## [WORK REQUEST]
Return the lines that run from the beginning of the entries to the line holding "98# NWT Zara", inclusive, and drop the pictures.

## [AVAILABLE DATA]
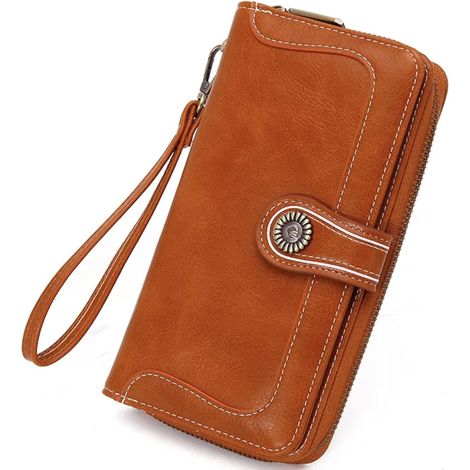 Portefeuille vintage en cuir ciré à l'huile (marron) (1/3)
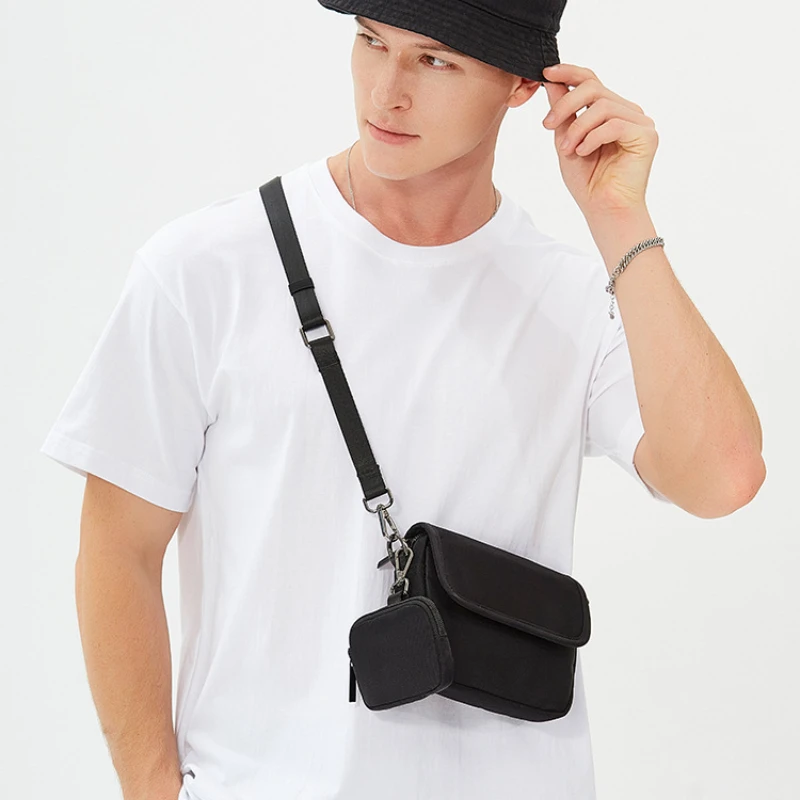 Męska modna moda Crossbody mała torba na telefon przenośna torebka na ramię młodzieżowy styl tkanina Oxford na co dzień wodoodporna torba listonosza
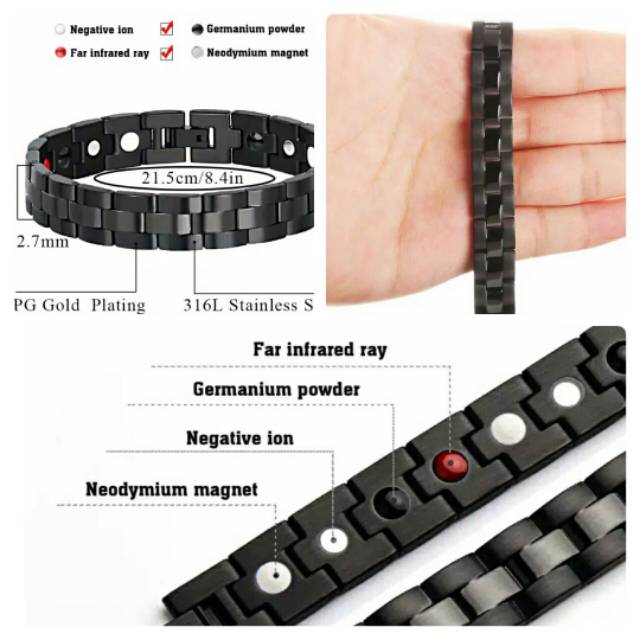 gelang magnet titanium full black gelang kesehatan fashion import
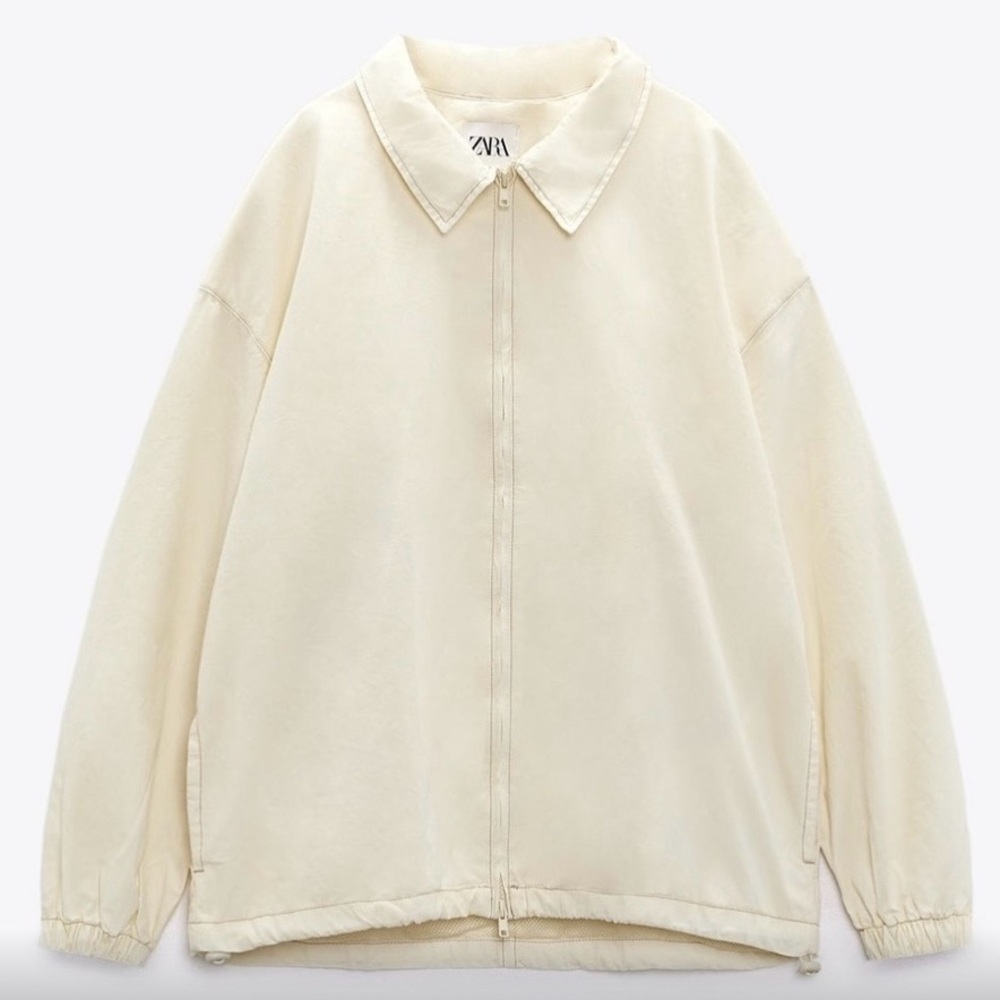 98# NWT Zara Women's Beige Oversized Shacket - Utility Jacket - Picture 3 of 8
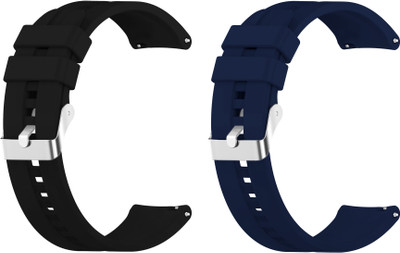ACM WSM15C22BKDBL1911 Pack of 2 Watch Strap Silicone Hook 22mm for Molife Sense 510 Smartwatch (Black/Dark Blue) Smart Watch Strap(Mullti Color)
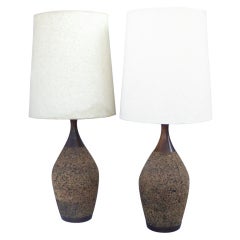 Pair of Large Natural Cork Table Lamps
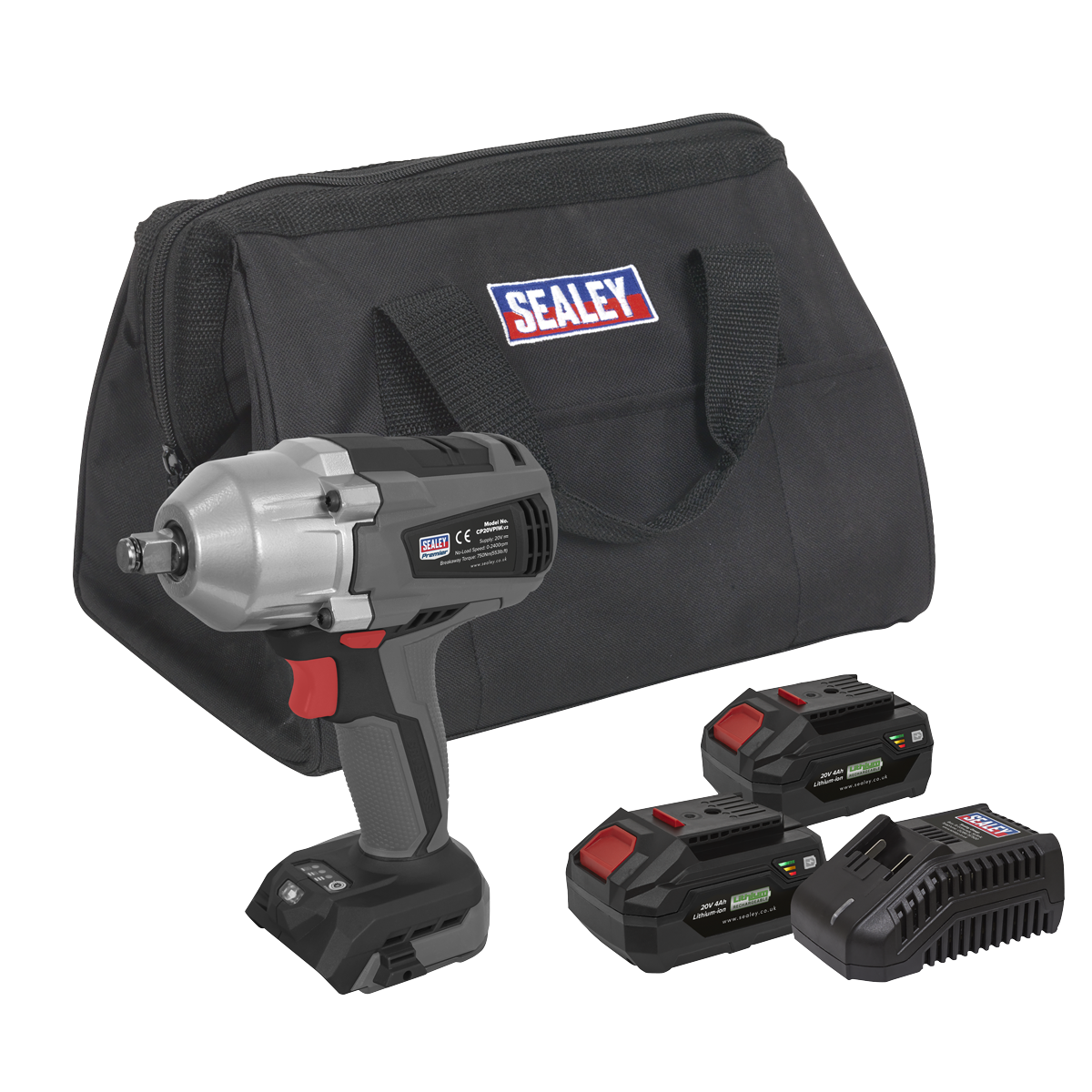 Sealey CP20VPIWKIT Brushless Impact Wrench Kit 1/2"Sq Drive 700Nm 20V - 2 Batteries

## [RESULT OF THE TASK]
 Portefeuille vintage en cuir ciré à l'huile (marron) (1/3)
 Męska modna moda Crossbody mała torba na telefon przenośna torebka na ramię młodzieżowy styl tkanina Oxford na co dzień wodoodporna torba listonosza
 gelang magnet titanium full black gelang kesehatan fashion import
 98# NWT Zara Women's Beige Oversized Shacket - Utility Jacket - Picture 3 of 8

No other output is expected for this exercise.